─── EXTRACTED ENTRIES

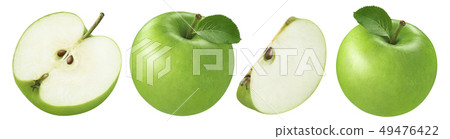 Green apple set isolated on white background Green apple set isolated on white background 49476422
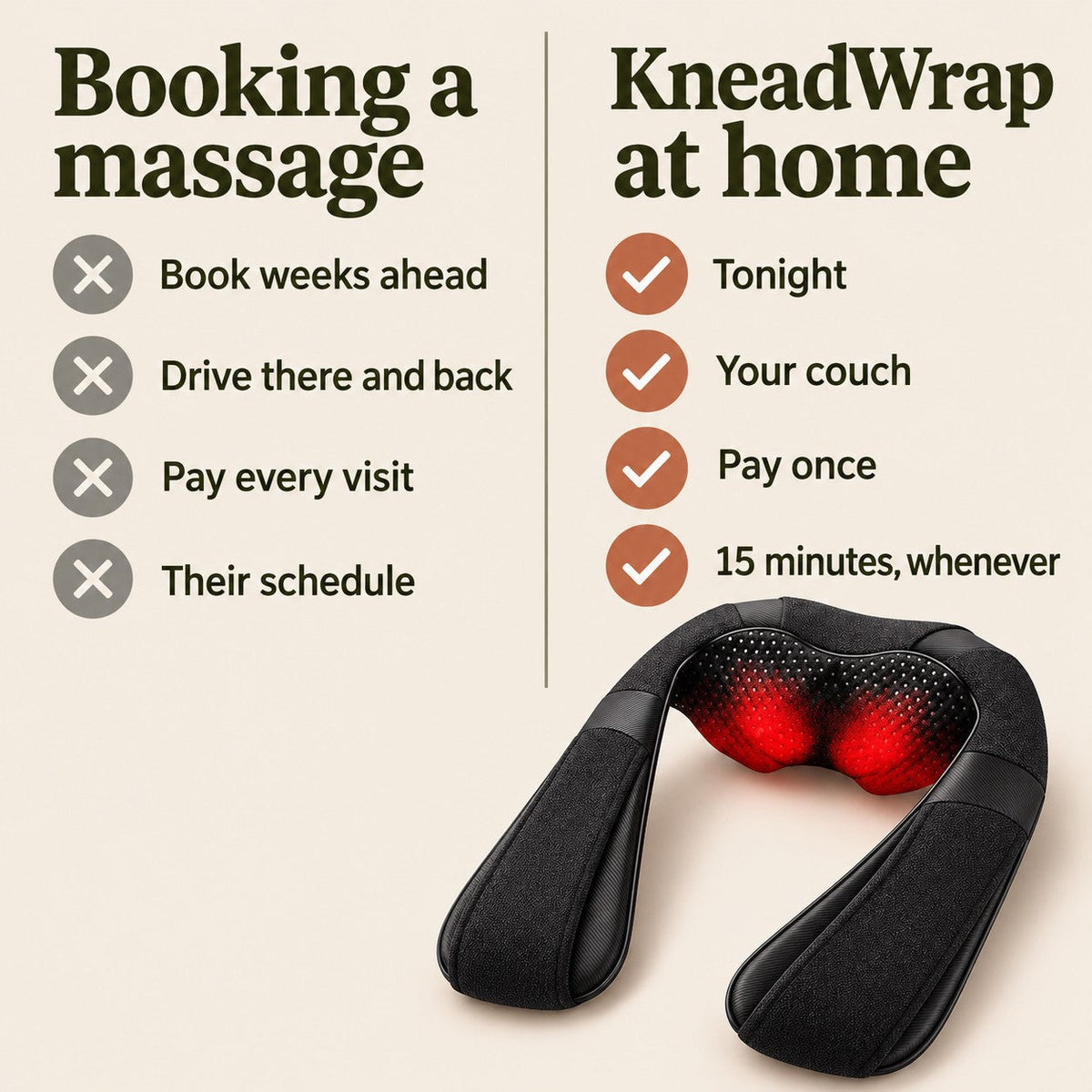 Booking a massage compared with the KneadWrap at home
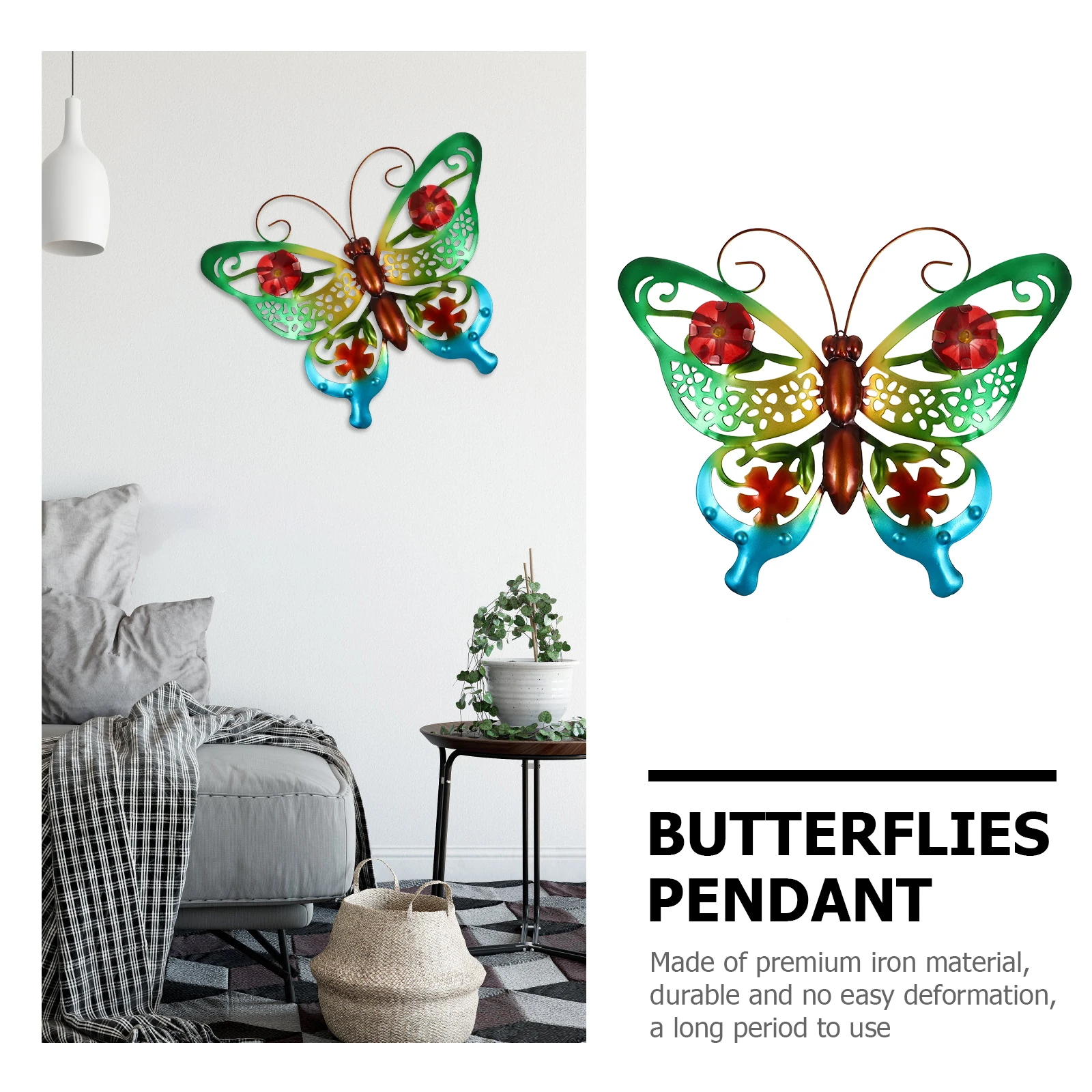 

1pc Creative Metal Butterfly Wall Hanging Iron Ornament Bright Decorative Art For Home Office Shop Wall Decoration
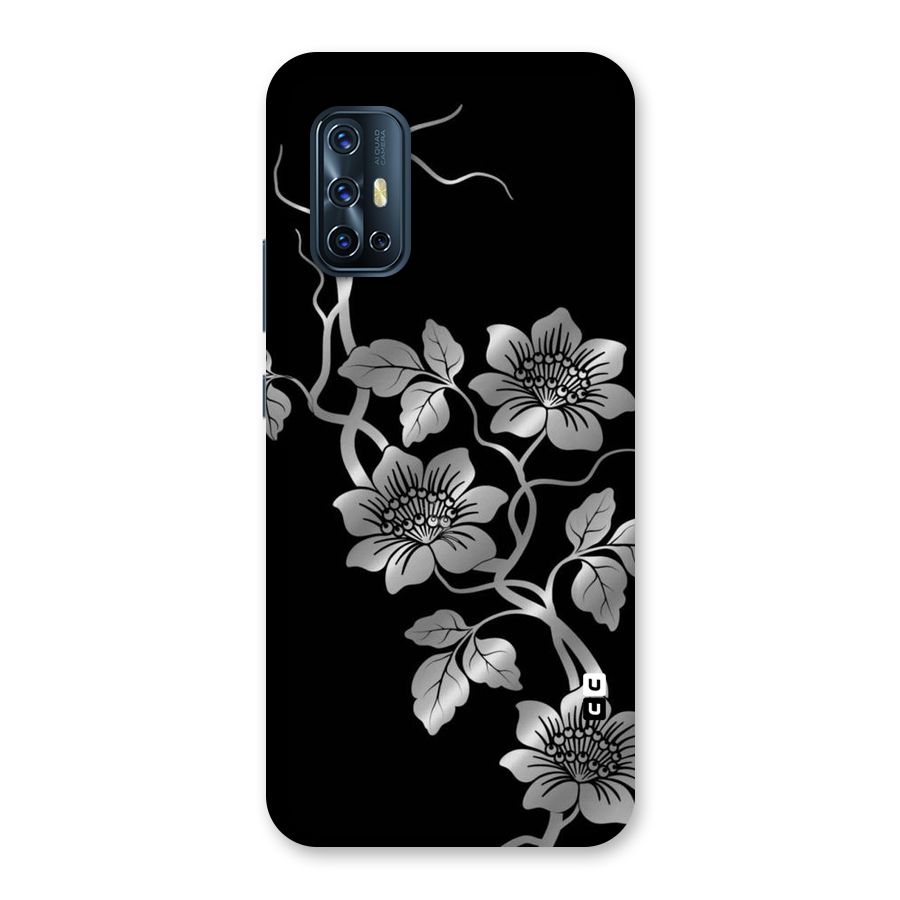 Silver Grey Flowers Back Case for Vivo V17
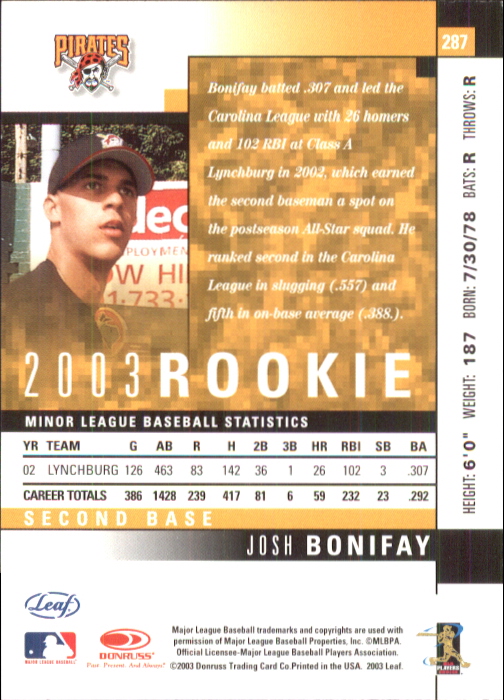 2003 Leaf #287 Josh Bonifay ROO back image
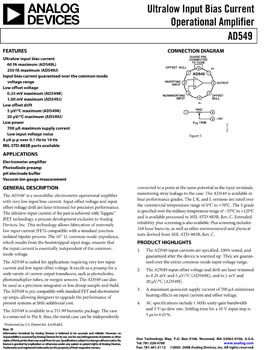 AD549. Ultralow Input-Bias Current Operational Amplifier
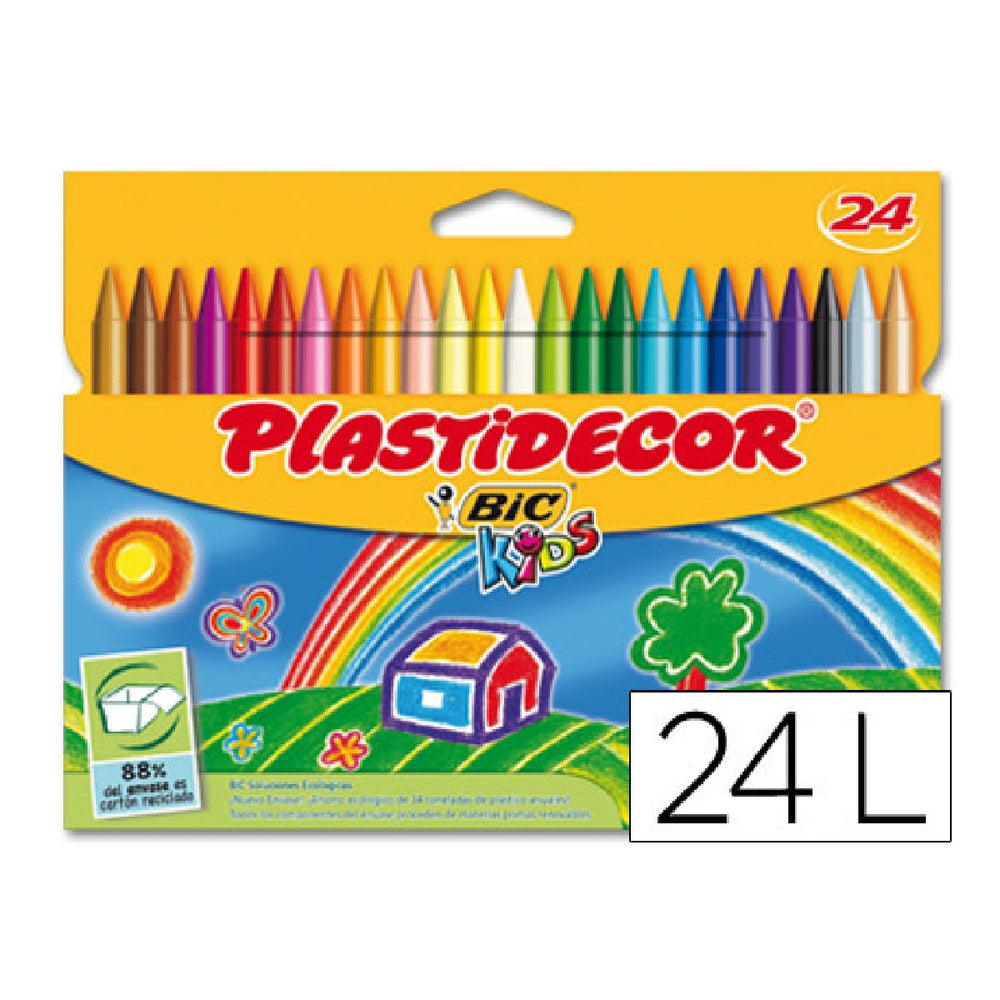 PLASTIDECOR - Lapices Cera Plastidecor Caja de 24 Colores Surtidos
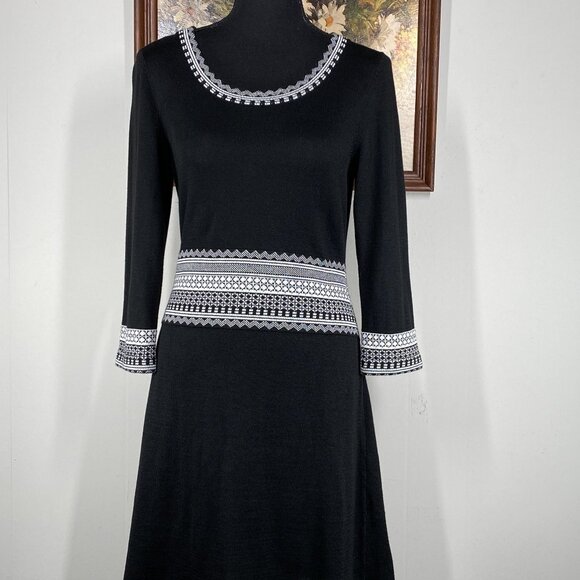 Artisan Dresses & Skirts - Artisan Knit A-Line Combo Dress Women's Small Round Neck 3/4 Sleeve Onyx NWT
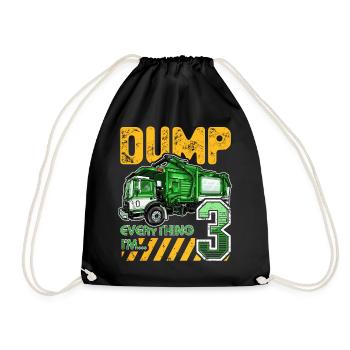 Camion à ordures 3ème anniversaire Anniversaire de 3 ans - Sac de sport léger - noir - Devant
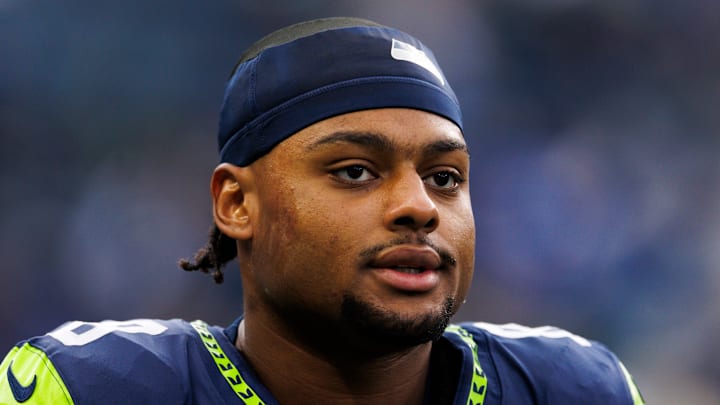 Coby Bryant of the Seattle Seahawks on the sidelines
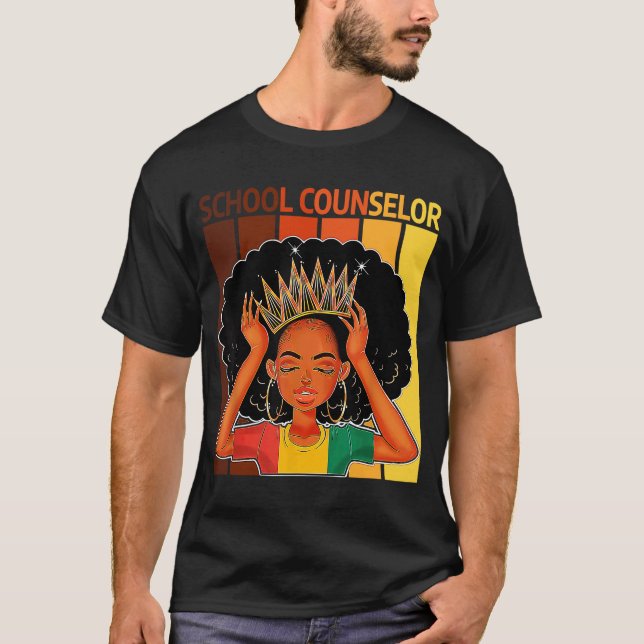 Camiseta Conselheiro escolar Afro-Americano Black Histo (Frente)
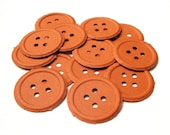 20 Rusty Orange Embossed Buttons Paper Card Stock Embellishments - Scrapbooking - Cardmaking - Button Confetti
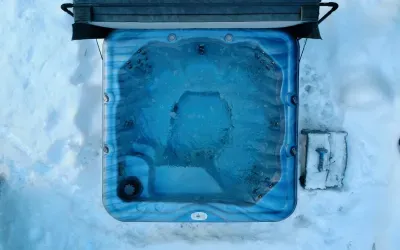 Overheard view of this fabulous hot tub located in the secluded back yard!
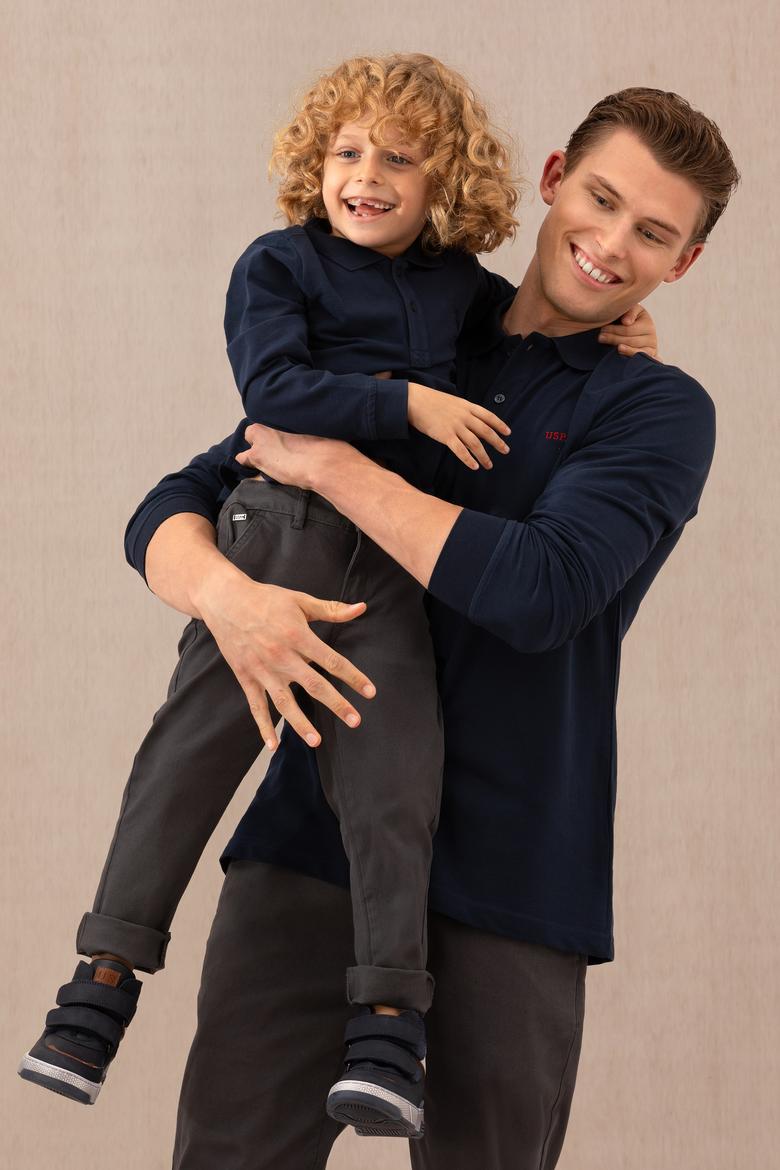 Erkek Çocuk Lacivert Basic Polo Yaka Sweatshirt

──────

- [PROBLEM REQUIREMENTS]: Skip the pictures. Restate everything else in the records word for word.

- [FINISHED EXERCISE]:
 Green apple set isolated on white background Green apple set isolated on white background 49476422
 Booking a massage compared with the KneadWrap at home

1pc Creative Metal Butterfly Wall Hanging Iron Ornament Bright Decorative Art For Home Office Shop Wall Decoration
 Silver Grey Flowers Back Case for Vivo V17
 2003 Leaf #287 Josh Bonifay ROO back image
 AD549. Ultralow Input-Bias Current Operational Amplifier
 PLASTIDECOR - Lapices Cera Plastidecor Caja de 24 Colores Surtidos
 Artisan Dresses & Skirts - Artisan Knit A-Line Combo Dress Women's Small Round Neck 3/4 Sleeve Onyx NWT
 Camion à ordures 3ème anniversaire Anniversaire de 3 ans - Sac de sport léger - noir - Devant
 Coby Bryant of the Seattle Seahawks on the sidelines
 Camiseta Conselheiro escolar Afro-Americano Black Histo (Frente)
 20 Rusty Orange Embossed Buttons Paper Card Stock Embellishments - Scrapbooking - Cardmaking - Button Confetti
 Overheard view of this fabulous hot tub located in the secluded back yard!
 Erkek Çocuk Lacivert Basic Polo Yaka Sweatshirt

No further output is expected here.